DATASET RECORDS:

"""

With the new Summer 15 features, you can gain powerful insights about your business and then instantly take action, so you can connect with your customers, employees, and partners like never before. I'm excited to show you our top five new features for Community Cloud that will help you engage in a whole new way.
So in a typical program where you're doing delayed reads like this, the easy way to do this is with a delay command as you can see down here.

"""
"""

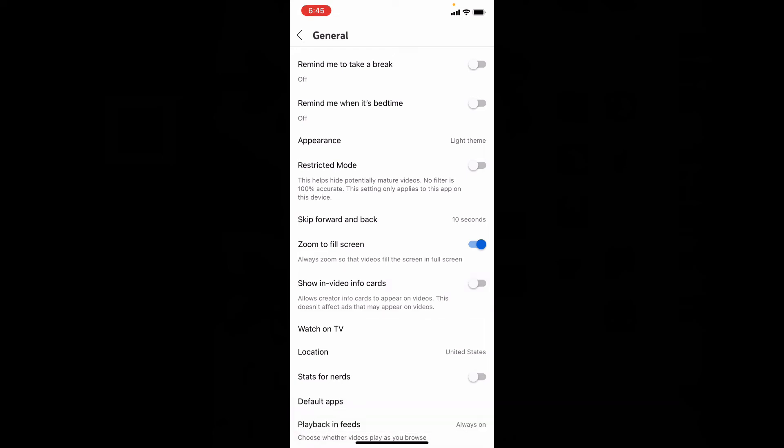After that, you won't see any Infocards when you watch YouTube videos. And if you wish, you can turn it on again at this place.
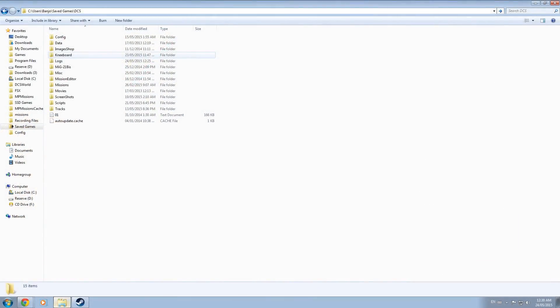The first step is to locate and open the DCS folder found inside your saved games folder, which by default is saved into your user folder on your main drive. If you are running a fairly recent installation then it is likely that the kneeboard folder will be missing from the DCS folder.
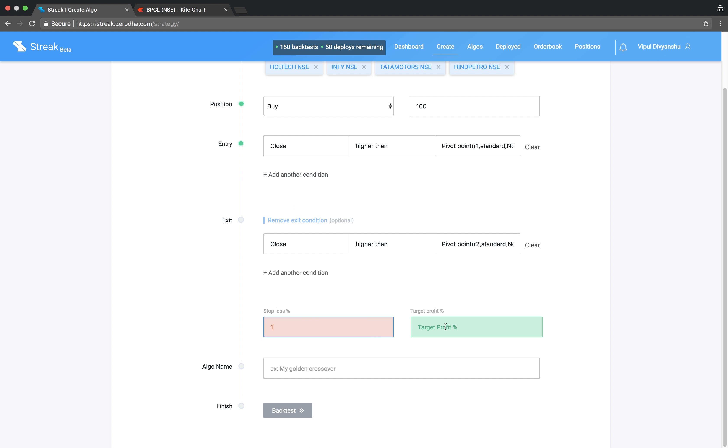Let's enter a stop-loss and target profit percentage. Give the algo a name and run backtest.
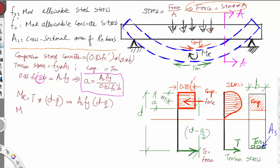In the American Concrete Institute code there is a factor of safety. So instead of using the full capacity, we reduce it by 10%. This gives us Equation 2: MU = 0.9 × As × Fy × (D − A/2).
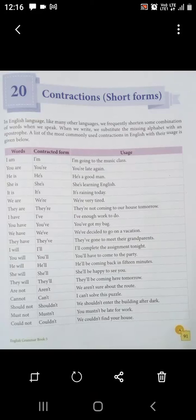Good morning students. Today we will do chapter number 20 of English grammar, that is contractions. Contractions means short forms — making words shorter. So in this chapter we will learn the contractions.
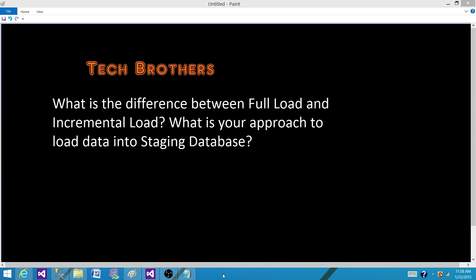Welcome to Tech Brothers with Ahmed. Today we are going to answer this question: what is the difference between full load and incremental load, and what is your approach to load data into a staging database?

"""

REQUIREMENT:
Please transcribe only the lines in the records above running from the line that has "With the new" through the line that has "So in a typical", both included, exactly as they appear.

RESPONSE:
With the new Summer 15 features, you can gain powerful insights about your business and then instantly take action, so you can connect with your customers, employees, and partners like never before. I'm excited to show you our top five new features for Community Cloud that will help you engage in a whole new way.
So in a typical program where you're doing delayed reads like this, the easy way to do this is with a delay command as you can see down here.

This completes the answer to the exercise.